## Instructions to follow
Your task is to repeat exactly the lines from the one with "Maison à vendre" through the end of the records, both included; please leave the pictures out.

Short descriptive text snippets:
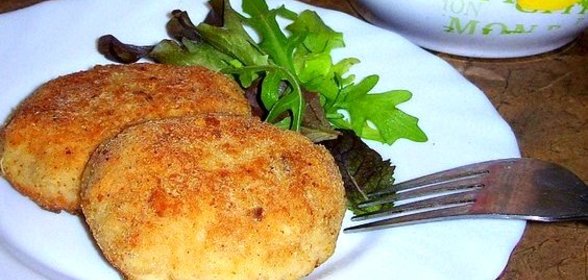 Рыбные котлеты из пеленгаса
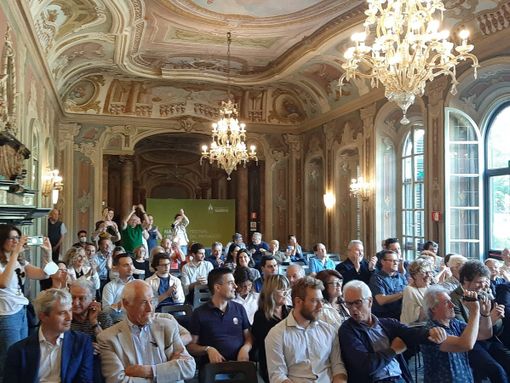 VIDEO. Fontana a Palazzo Estense rilancia l'autonomia: «Con la pandemia le Regioni hanno dimostrato quanto sia meritata»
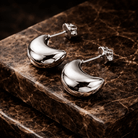 Leder Ohrhänger Ohrringe - Halbmond - Ohrringe aus Edelstahl – minimalistischer Ohrstecker - Silber - 1.2.26.nh-si - Beau Soleil Jewelry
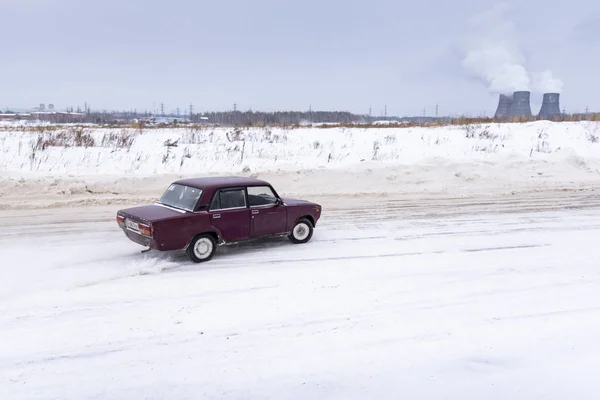 Russia Novosibirsk November 2019 Russian Old Crimson Car Vaz Zhiguli — 图库照片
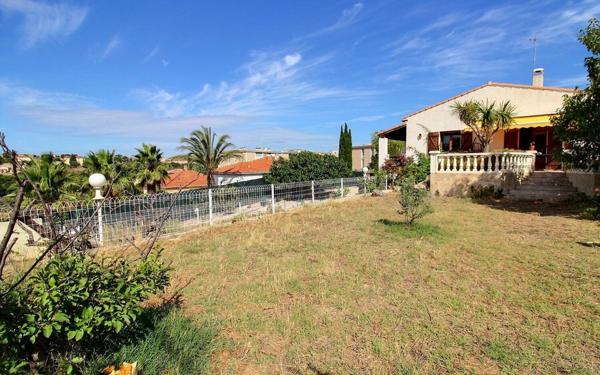 Maison à vendre    4 pièces •  Marseille 15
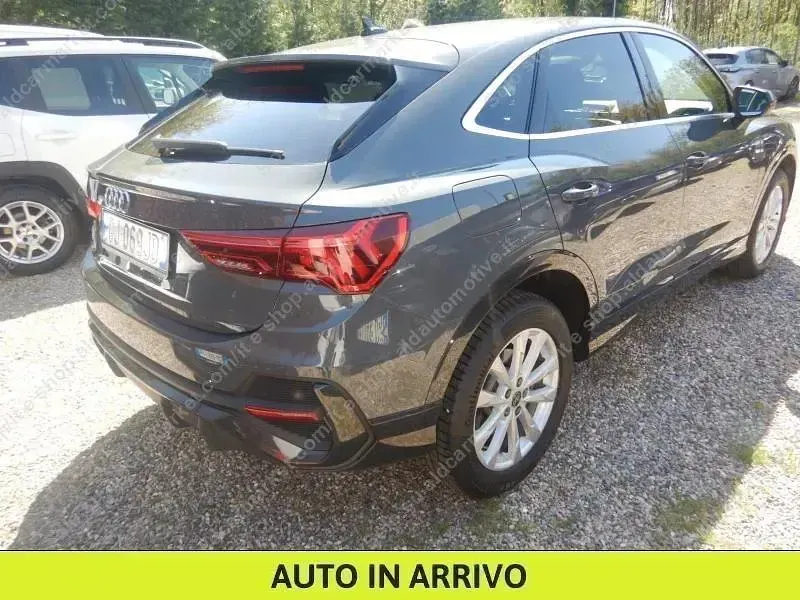 Usata Audi Q3 Sportback Business Plus 244 CV (179 kW) 2022 Grigio SUV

## Result for this task
 Maison à vendre    4 pièces •  Marseille 15
 Usata Audi Q3 Sportback Business Plus 244 CV (179 kW) 2022 Grigio SUV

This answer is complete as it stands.